═════ DATA PROVIDED

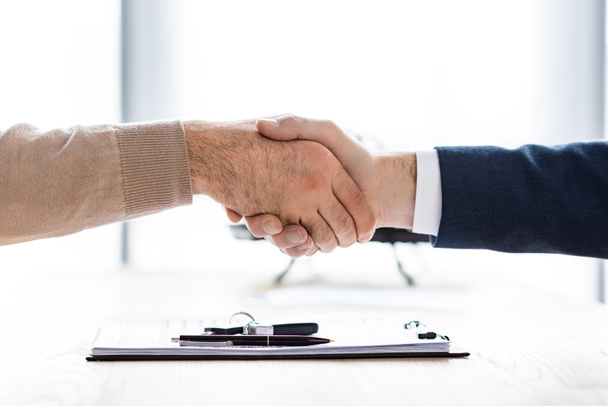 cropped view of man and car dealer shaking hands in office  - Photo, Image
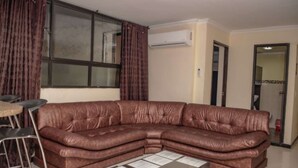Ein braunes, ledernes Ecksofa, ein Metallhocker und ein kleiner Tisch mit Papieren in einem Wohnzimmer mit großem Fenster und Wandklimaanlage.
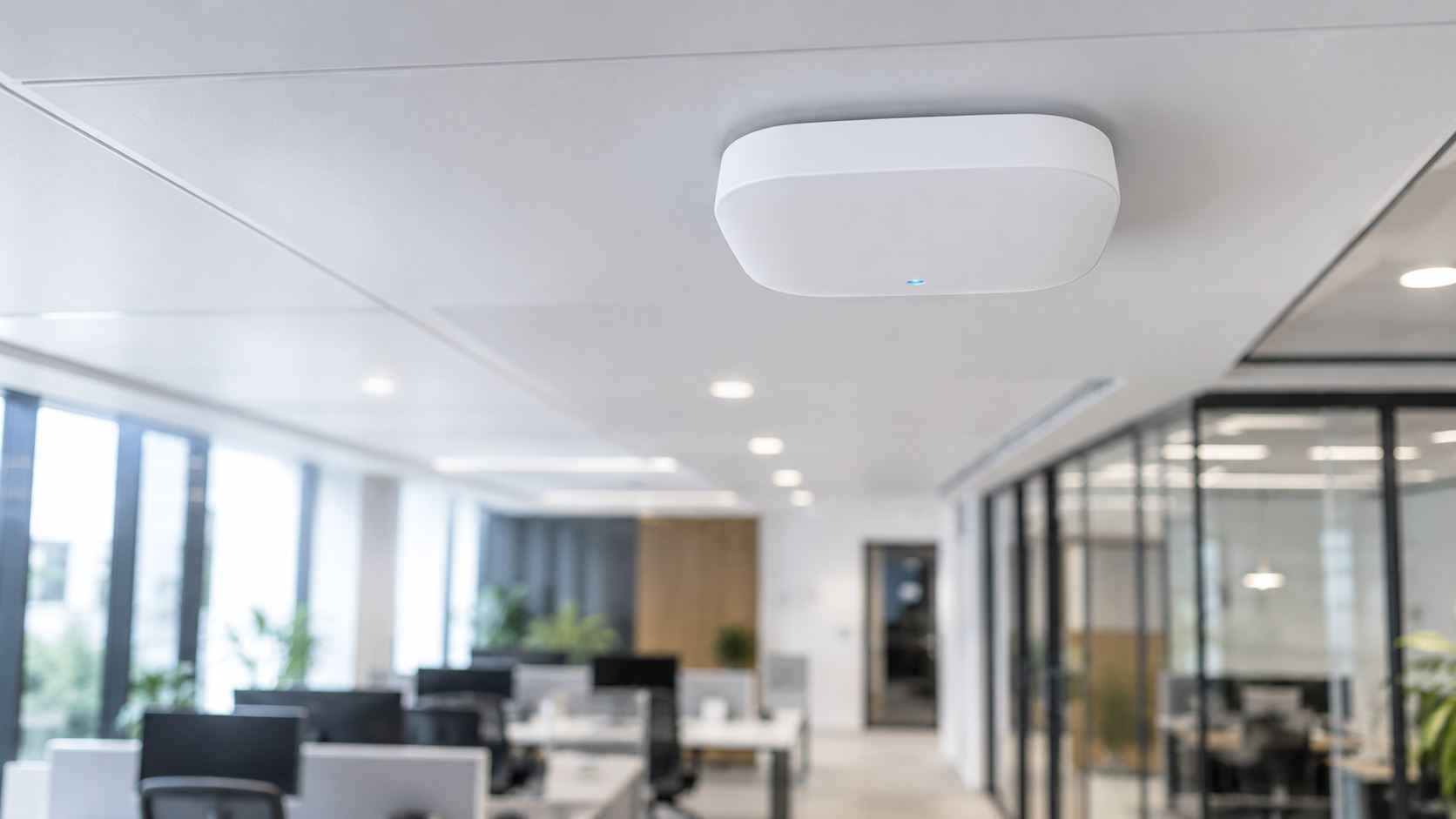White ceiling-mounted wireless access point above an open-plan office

══════════

■ THE PROBLEM:
Could you retype every line above exactly as it appears, skipping the pictures?

■ OUTPUT FOR THIS TASK:
 cropped view of man and car dealer shaking hands in office  - Photo, Image
Ein braunes, ledernes Ecksofa, ein Metallhocker und ein kleiner Tisch mit Papieren in einem Wohnzimmer mit großem Fenster und Wandklimaanlage.
White ceiling-mounted wireless access point above an open-plan office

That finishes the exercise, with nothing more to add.